> **TASK DIRECTIONS**
Starting at the line that contains "Read Ghost Window", transcribe every remaining line of the data below exactly, and omit all pictures.

> **Image-caption web data**
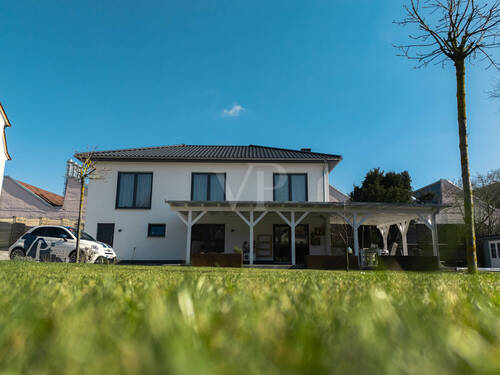 Front Gartenansicht - 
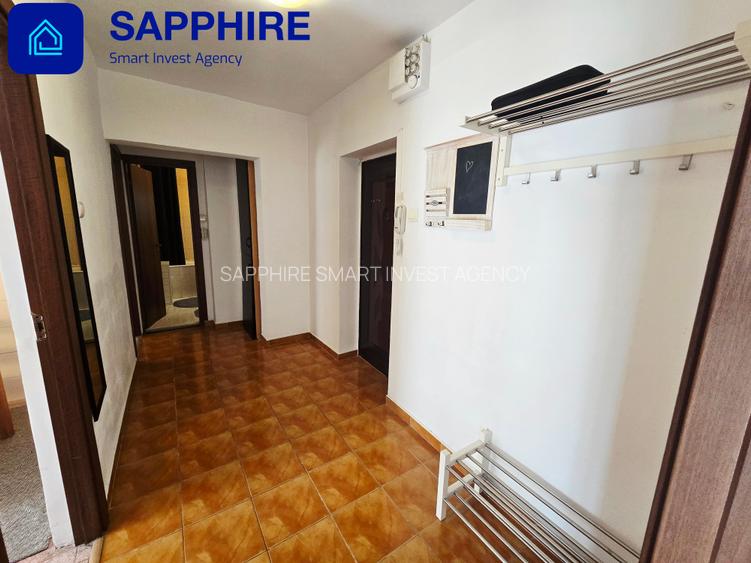 Apartament 2 camere metrou Piața Muncii, Bd. Decebal, bloc reabilitat - 7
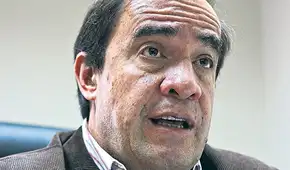 Yonhy Lescano sobre rechazo a la moción de vacancia: “Es un éxito para la democracia” Yonhy Lescano sobre rechazo a la moción de vacancia: “Es un éxito para la democracia”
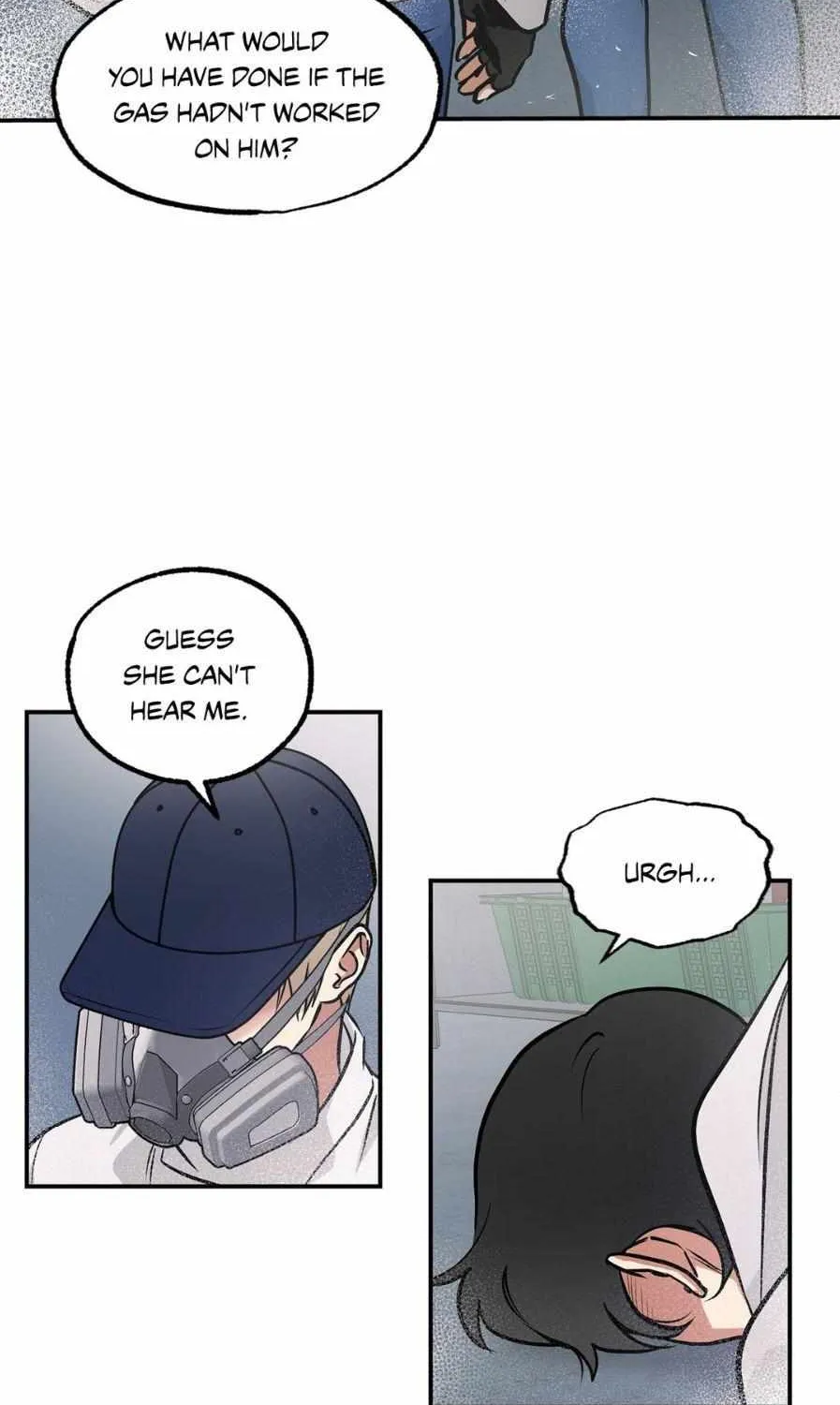 Read Ghost Window chapter 40 image 32 on Lezhin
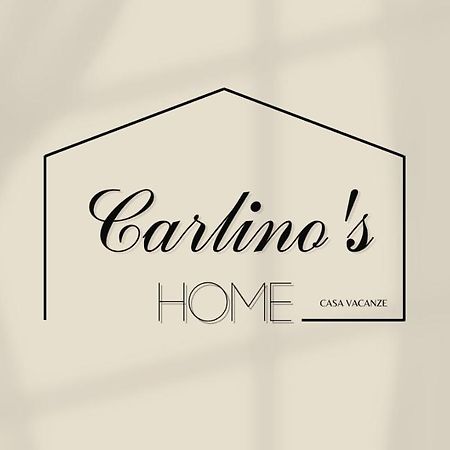 Carlino'S Home Salerno Exteriér fotografie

> **TASK OUTPUT**
 Read Ghost Window chapter 40 image 32 on Lezhin
 Carlino'S Home Salerno Exteriér fotografie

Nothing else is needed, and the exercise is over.